**Your assignment**
Output exactly the lines from the first line of the records below through the line containing "Umno deputy president", both included, leaving out any pictures.

──────── Data shown ────────

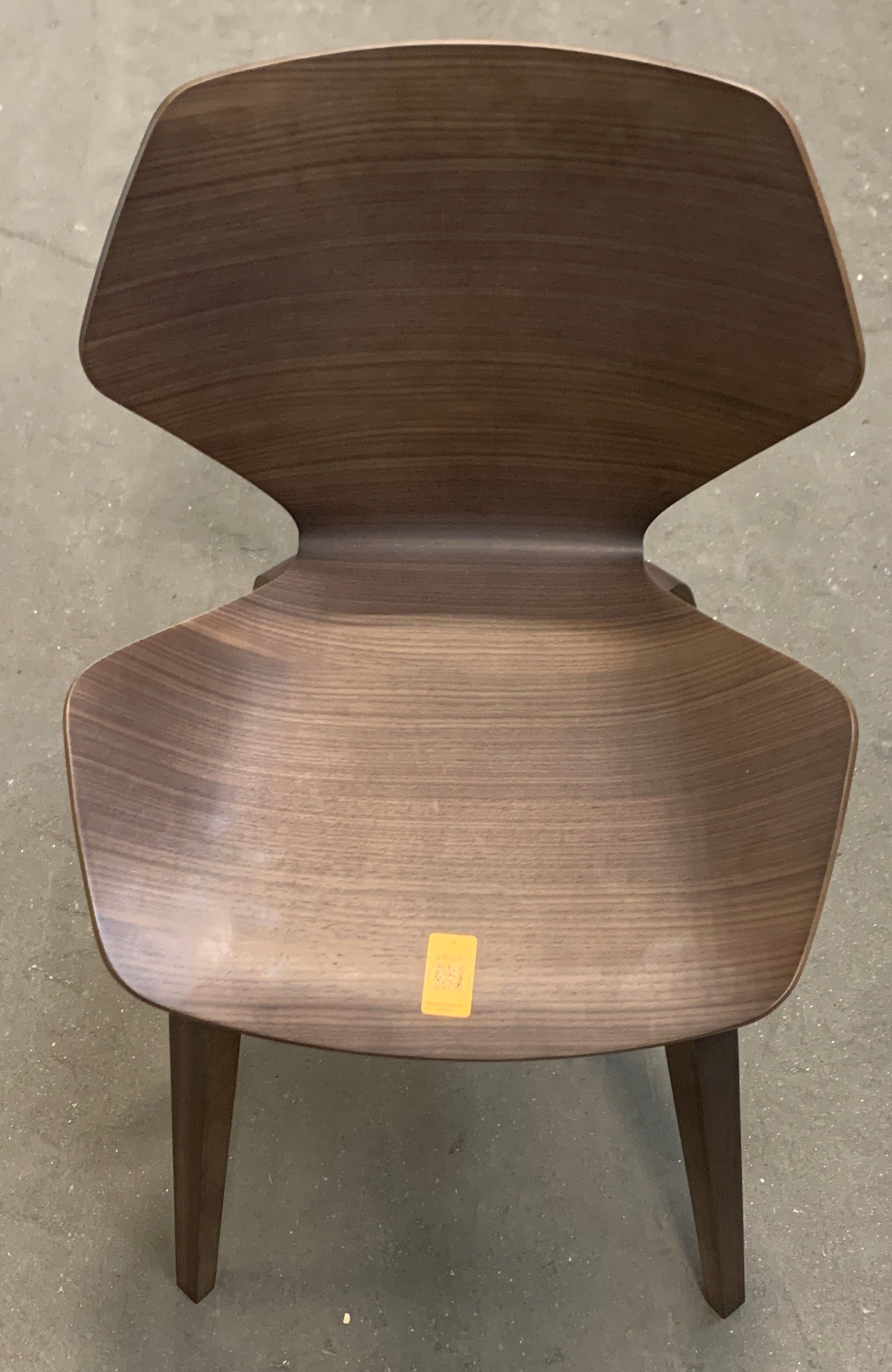 A mid-century modern wooden chair with a curved shell seat and back, shown from a top-down perspective on a concrete floor.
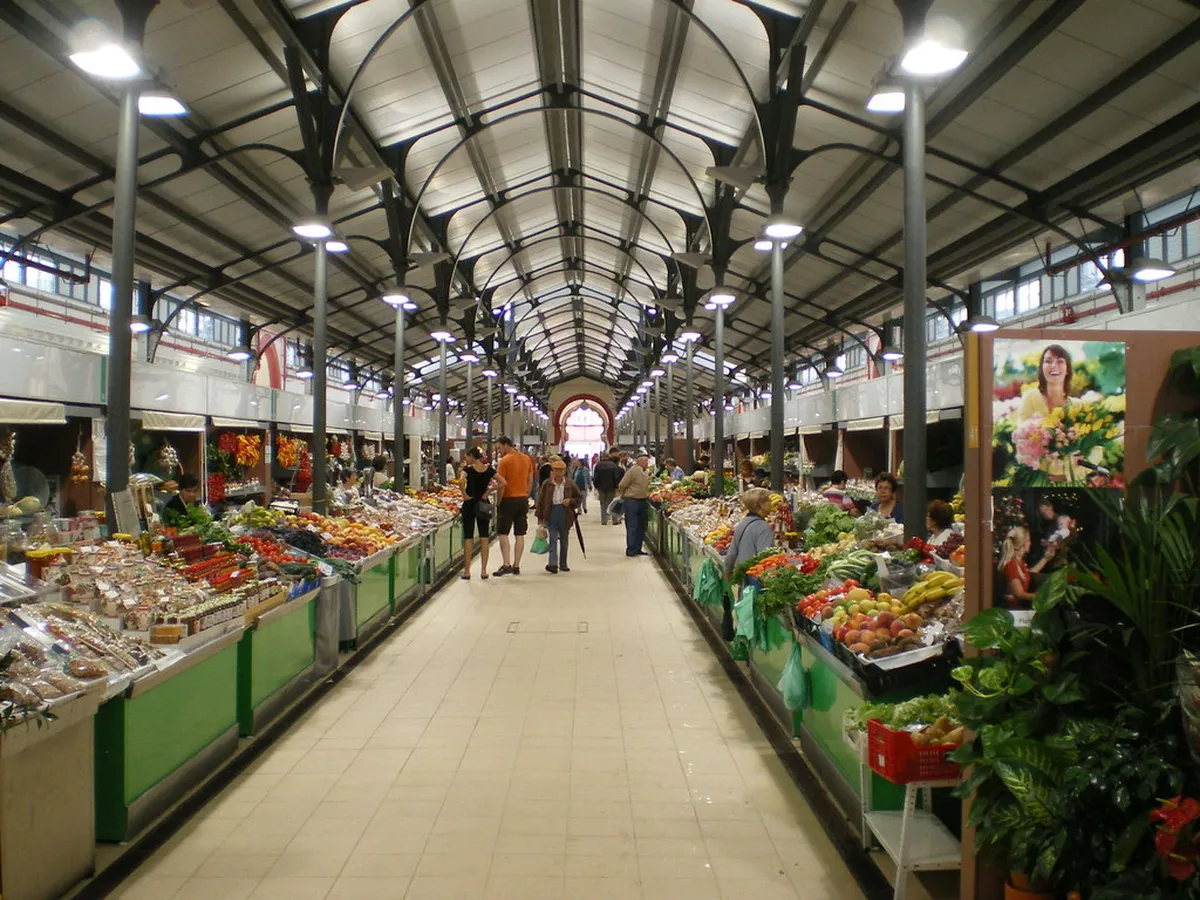 Colourful local produce and craft stalls at Loulé covered market, a beloved inland day trip from Faro in the Algarve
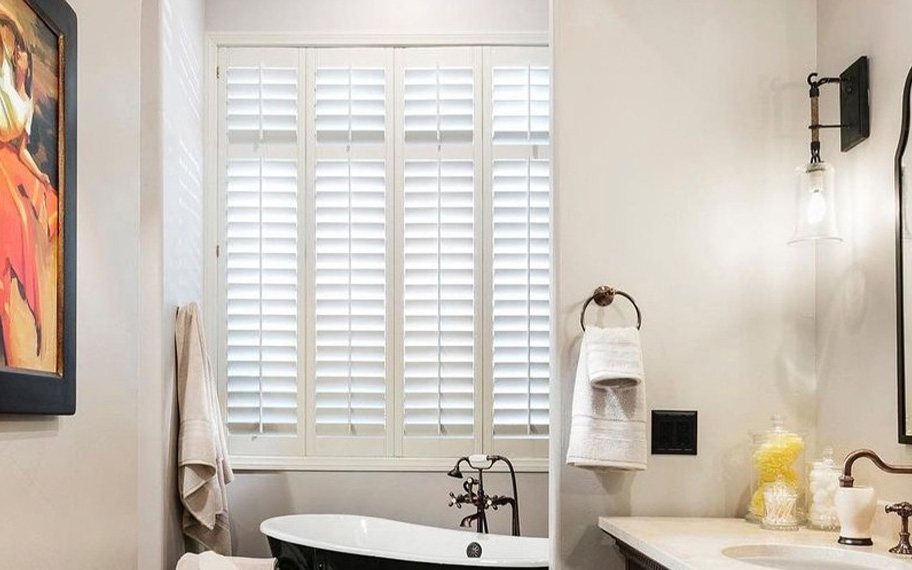 White Polywood shutters above a soaking tub.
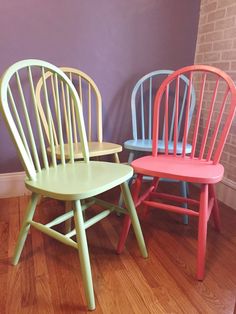 three wooden chairs sitting next to each other on top of a hard wood floor in front of a purple wall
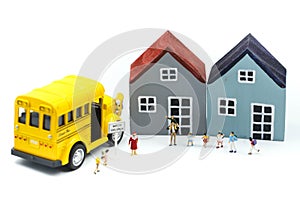 Miniature people : A group of young children getting on the schoolbus,schoolbus transportation education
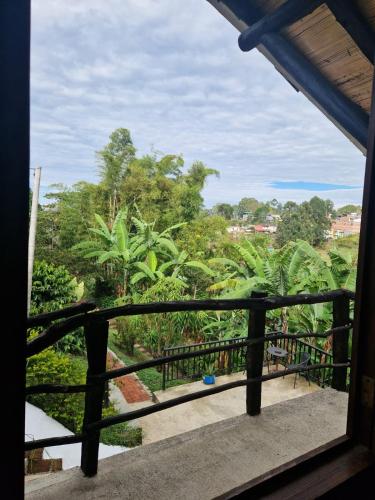 Un balcón o terraza en Coffee Tree Boutique Hostel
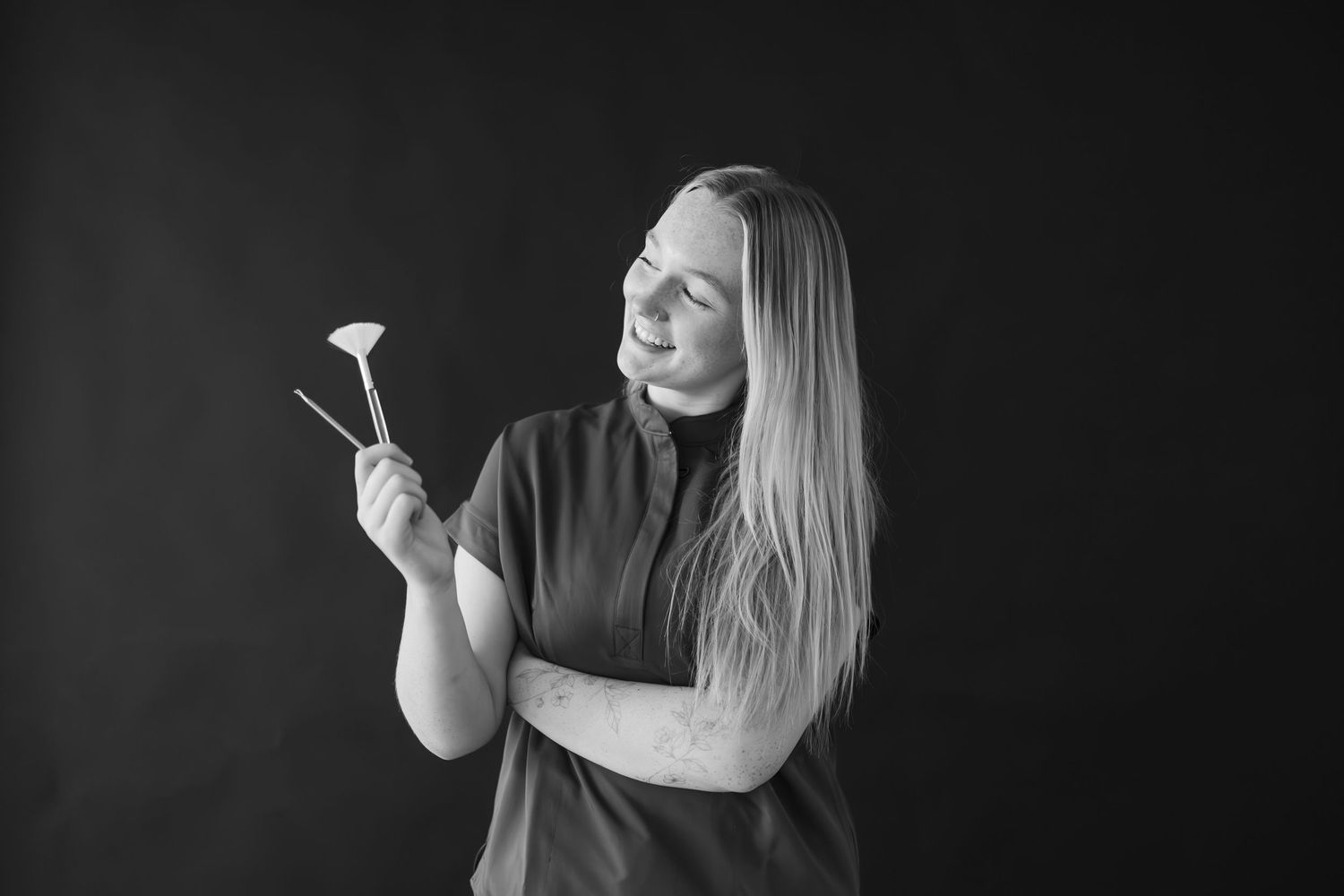 Side profile portrait against black background showing professional beauty tools.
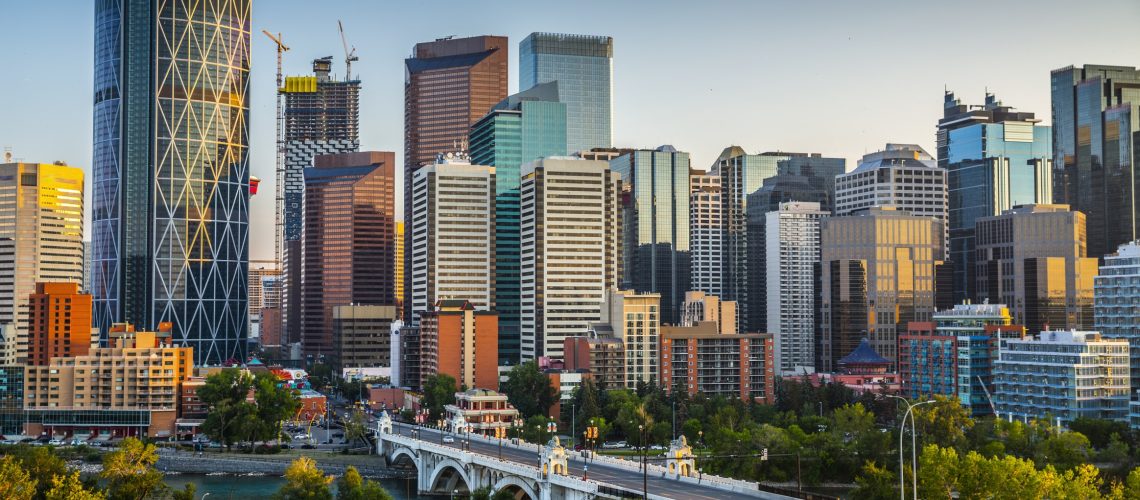 Calgarys skyline with its skyscrapers and office buildings. Bow river and centre Street Bridge in the foreground. Alberta - Canada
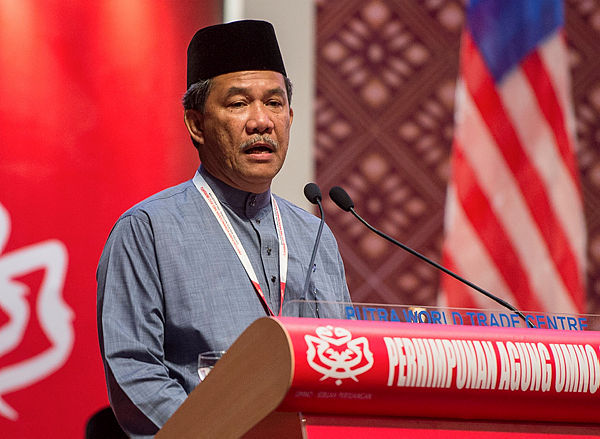 Umno deputy president Datuk Seri Mohamad Hasan speaking at the 2019 Umno general assembly at the Putra World Trade Centre yesterday. — Bernama
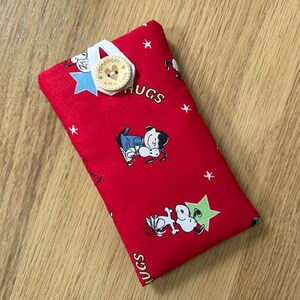 May include: A rectangular red fabric item with a Snoopy cartoon print, white stars, and the word "HUGS". A wooden button with the words "handmade with love" is attached with a white ribbon and blue star.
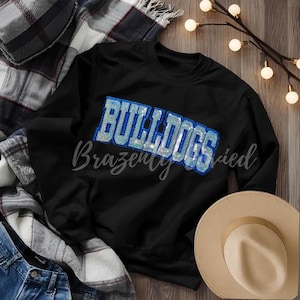 May include: Black sweatshirt with the word "BULLDOGS" in a blue sequined design. The word "Brazenly" is written in cursive below the word "BULLDOGS". A tan hat and a plaid blanket are also in the image.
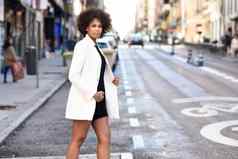 年轻的黑色的女人非洲式发型发型站城市背景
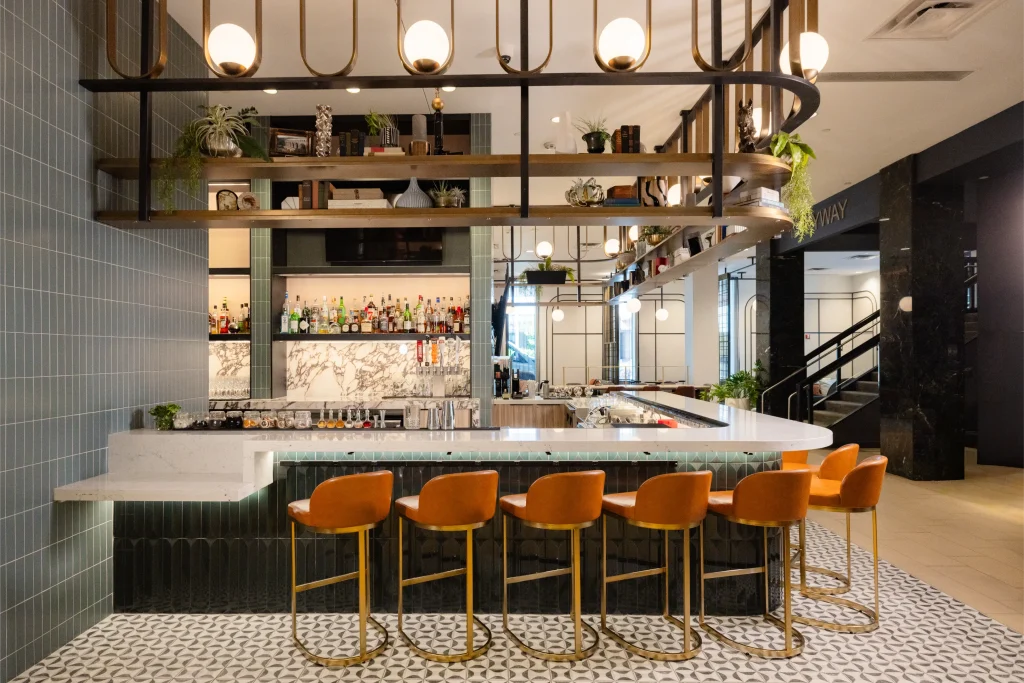 Esther's Table: Restaurant Interior Design, Minneapolis 14 Esther's Table bar with styled brass shelving, globe lighting, marble back bar and skyway access beyond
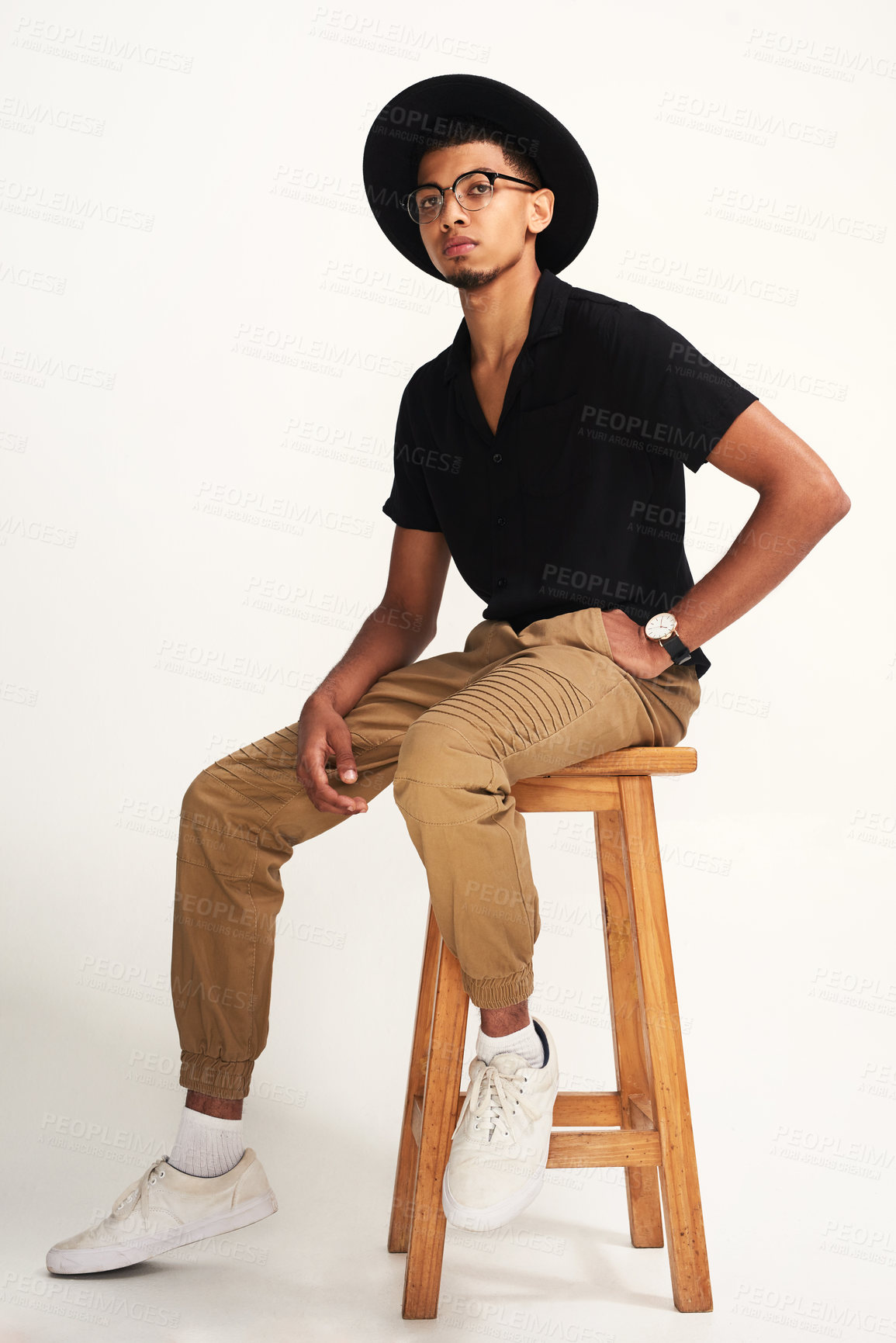 Buy stock photo Portrait of a handsome young man wearing a hat and glasses while being seated on a chair against a grey background inside of a studio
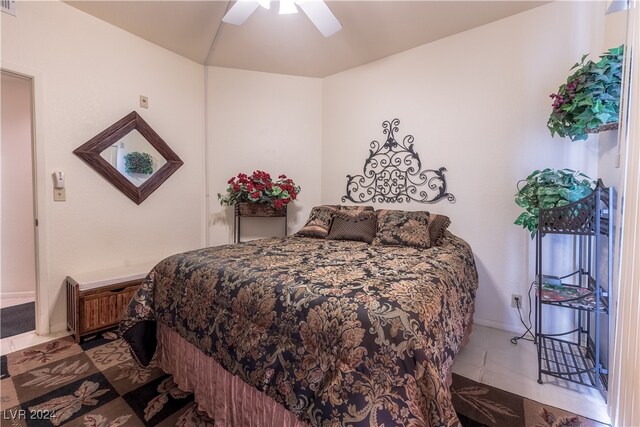 tiled bedroom with ceiling fan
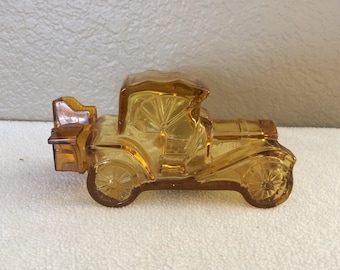 Kolekcjonerska butelka wody kolońskiej Avon Packard Roadster Oland 6 uncji, pusta, bursztynowa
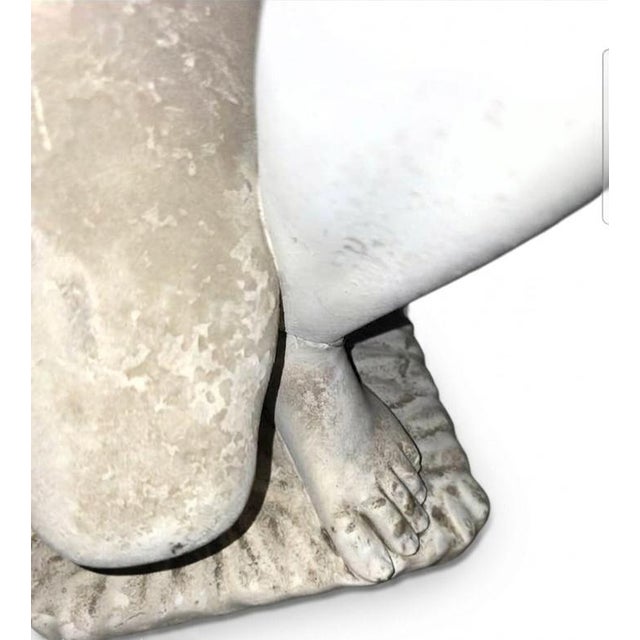 This sculpture is a depiction of the Crouching Venus (also known as Venus Accroupie or Crouching Aphrodite), a famous...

────────

**Solved problem**
 A mid-century modern wooden chair with a curved shell seat and back, shown from a top-down perspective on a concrete floor.
 Colourful local produce and craft stalls at Loulé covered market, a beloved inland day trip from Faro in the Algarve
 White Polywood shutters above a soaking tub.
 three wooden chairs sitting next to each other on top of a hard wood floor in front of a purple wall
 Miniature people : A group of young children getting on the schoolbus,schoolbus transportation education
 Un balcón o terraza en Coffee Tree Boutique Hostel
 Side profile portrait against black background showing professional beauty tools.
 Calgarys skyline with its skyscrapers and office buildings. Bow river and centre Street Bridge in the foreground. Alberta - Canada
 Umno deputy president Datuk Seri Mohamad Hasan speaking at the 2019 Umno general assembly at the Putra World Trade Centre yesterday. — Bernama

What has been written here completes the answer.